- Born: June 6, 1943 (age 83) Huntington, New York
- Education: Amherst College (B.A., 1966) Harvard University (M.A., 1968; Ph.D., 1973)
- Occupation: Political scientist
- Employer: New York University
- Known for: Arguing that employment is an obligation of citizenship.
- Notable work: Beyond Entitlement: The Social Obligations of Citizenship, The New Politics of Poverty: The Nonworking Poor in America
- Title: Professor of Politics and Public Policy
- Political party: Republican

= Lawrence Mead =

American academic (born 1943)

Lawrence M. Mead III (born 1943) is a professor of politics and public policy at New York University (NYU).

==Education==
Born in Huntington, New York, Mead graduated Phi Beta Kappa with a B.A. from Amherst College in 1966, and from Harvard University with an M.A. and Ph.D. in 1968 and 1973.

==Career==
Mead has taught at New York University (NYU) since 1979. He has been a visiting professor at the University of Wisconsin (1987), Harvard University (1993–4) and Princeton University (1994–5). He was a visiting fellow at Princeton (1995–6, 2001–2) and the Hoover Institution at Stanford (1988). Mead was deputy director of Research for the Republican National Committee in 1978–79, a research associate at the Urban Institute from 1975 to 1978, a speechwriter to Secretary of State Henry Kissinger in 1974–75, and a policy analyst at the U.S. Department of Health, Education, and Welfare from 1973 to 1975.

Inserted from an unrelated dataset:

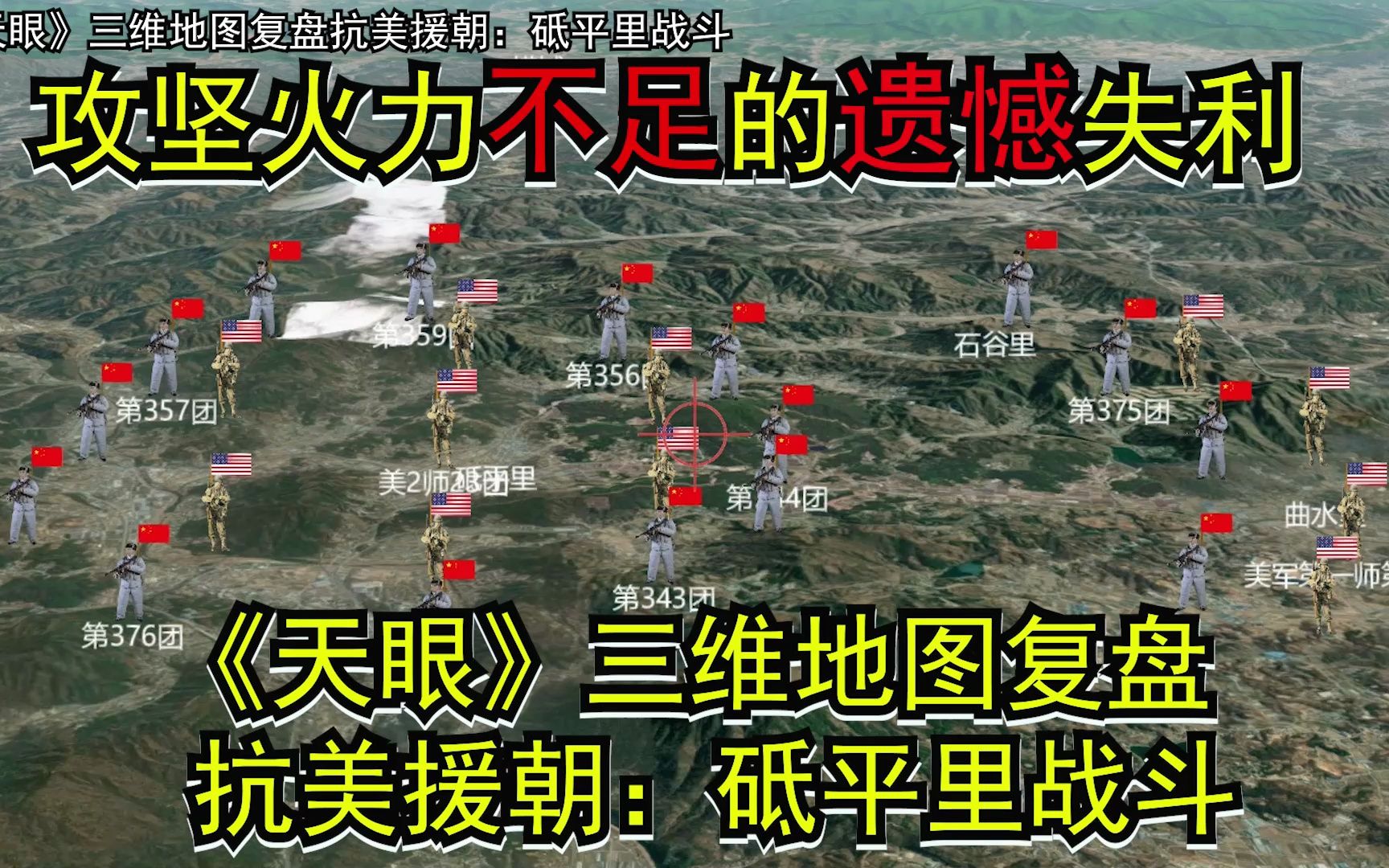 火力不足遗憾失利——天眼三维地图复盘抗美援朝砥平里战斗哔哩哔哩bilibili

Mead has written on poverty and welfare in the United States. In the books he wrote between 1986 and 2004, he provided the main theoretical basis for the American welfare reform of the 1990s, which required adult welfare recipients to work as a condition of aid. His books have influenced welfare reform in Europe, Australia, and New Zealand.

Mead has written six books, coauthored three books, and edited or co-edited two others, all on poverty and/or government welfare policies. Government Matters, his study of welfare reform in Wisconsin, was a co-winner of the 2005 Louis Brownlow Book Award, given by the National Academy of Public Administration. Mead has published dozens of articles on poverty, welfare, program implementation, and related subjects in scholarly journals, such as the Journal of Policy Analysis and Management, Public Administration Review, The Public Interest and the Annals of the American Academy of Political and Social Science. His book reviews and commentaries have appeared in The New York Times, The Washington Post, and other outlets.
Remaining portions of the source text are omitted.